»»
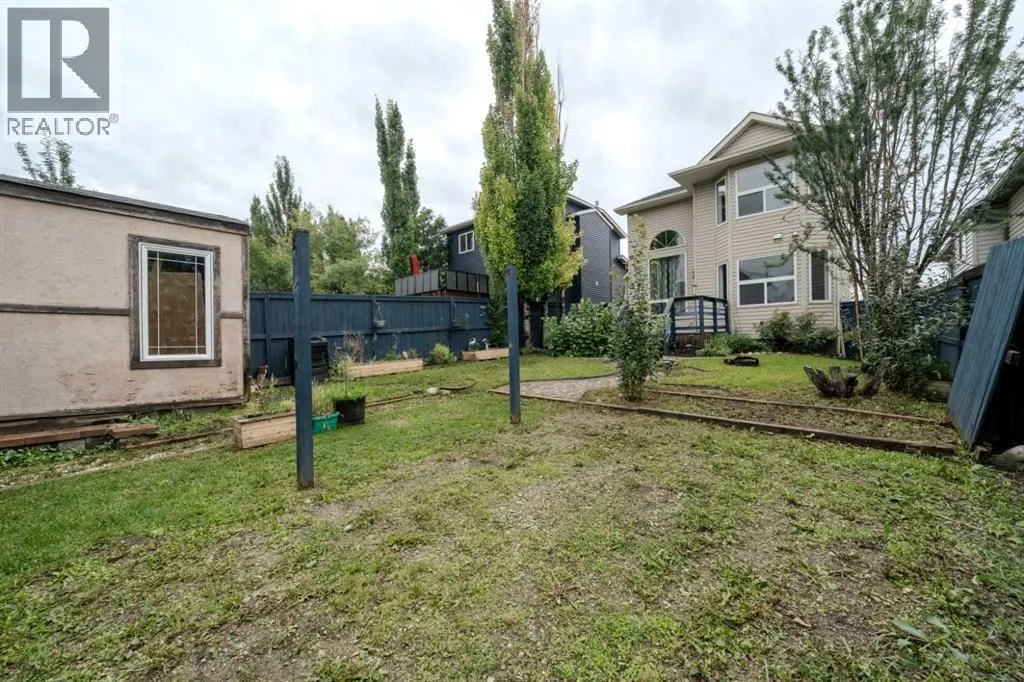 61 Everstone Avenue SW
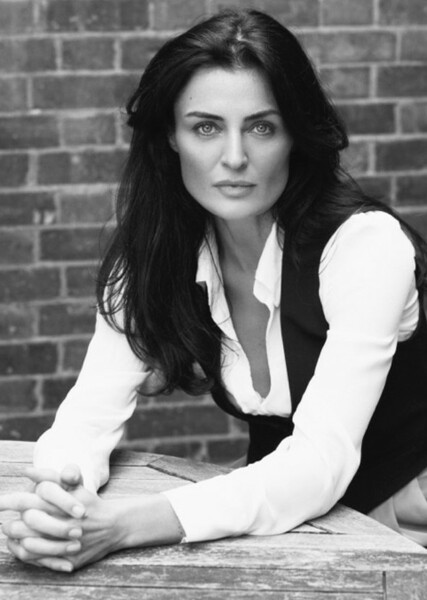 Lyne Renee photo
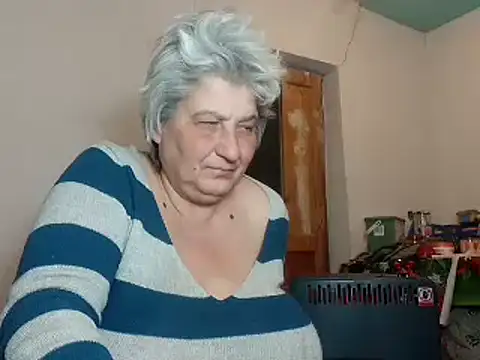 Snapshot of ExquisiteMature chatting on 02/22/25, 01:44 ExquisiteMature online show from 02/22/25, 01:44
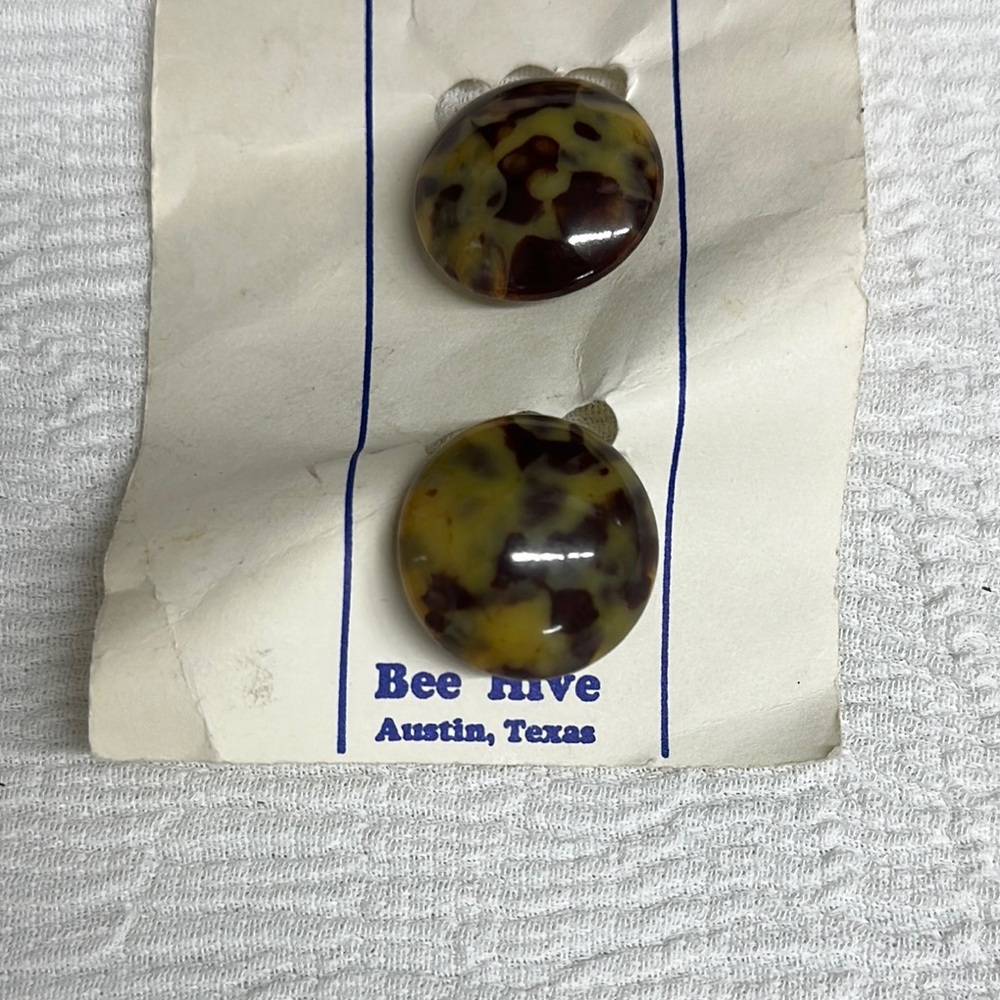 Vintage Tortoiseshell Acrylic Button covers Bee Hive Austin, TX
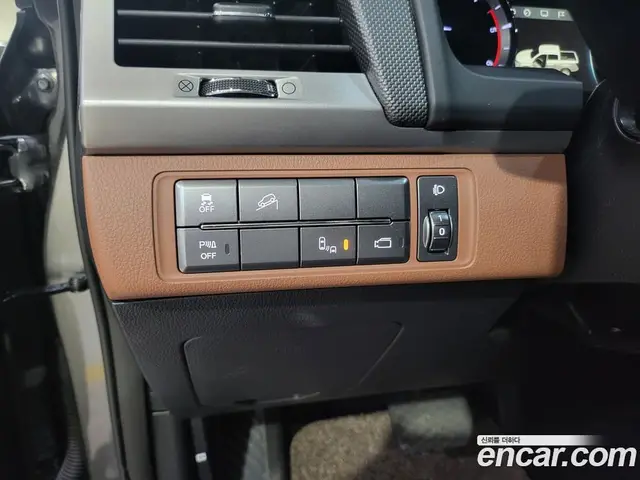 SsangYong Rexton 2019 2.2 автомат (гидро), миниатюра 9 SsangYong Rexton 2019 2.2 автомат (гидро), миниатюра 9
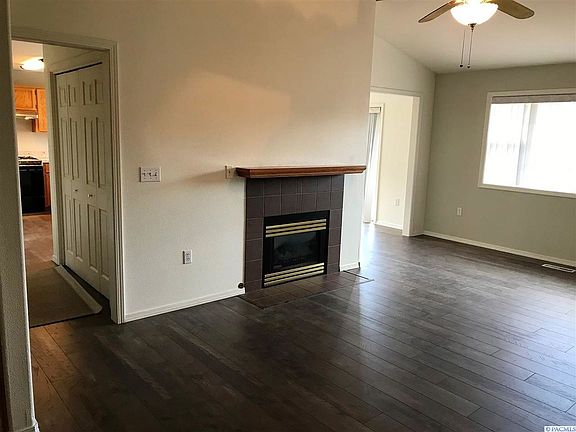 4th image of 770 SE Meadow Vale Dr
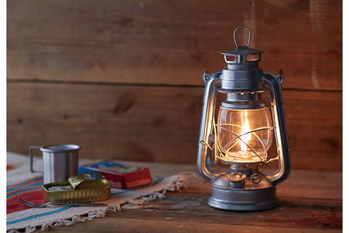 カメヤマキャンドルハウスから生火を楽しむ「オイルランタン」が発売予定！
««
»»
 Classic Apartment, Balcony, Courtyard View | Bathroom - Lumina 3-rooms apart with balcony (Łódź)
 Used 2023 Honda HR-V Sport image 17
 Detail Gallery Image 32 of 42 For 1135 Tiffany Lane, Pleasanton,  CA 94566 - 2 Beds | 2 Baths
««
*ACTION ITEM*
Reprint exactly the lines above that start at the one with "Used 2023 Honda HR-V Sport image 17" and end at the one with "Detail Gallery Image", keeping both and adding none.

*SOLUTION BELOW*
 Used 2023 Honda HR-V Sport image 17
 Detail Gallery Image 32 of 42 For 1135 Tiffany Lane, Pleasanton,  CA 94566 - 2 Beds | 2 Baths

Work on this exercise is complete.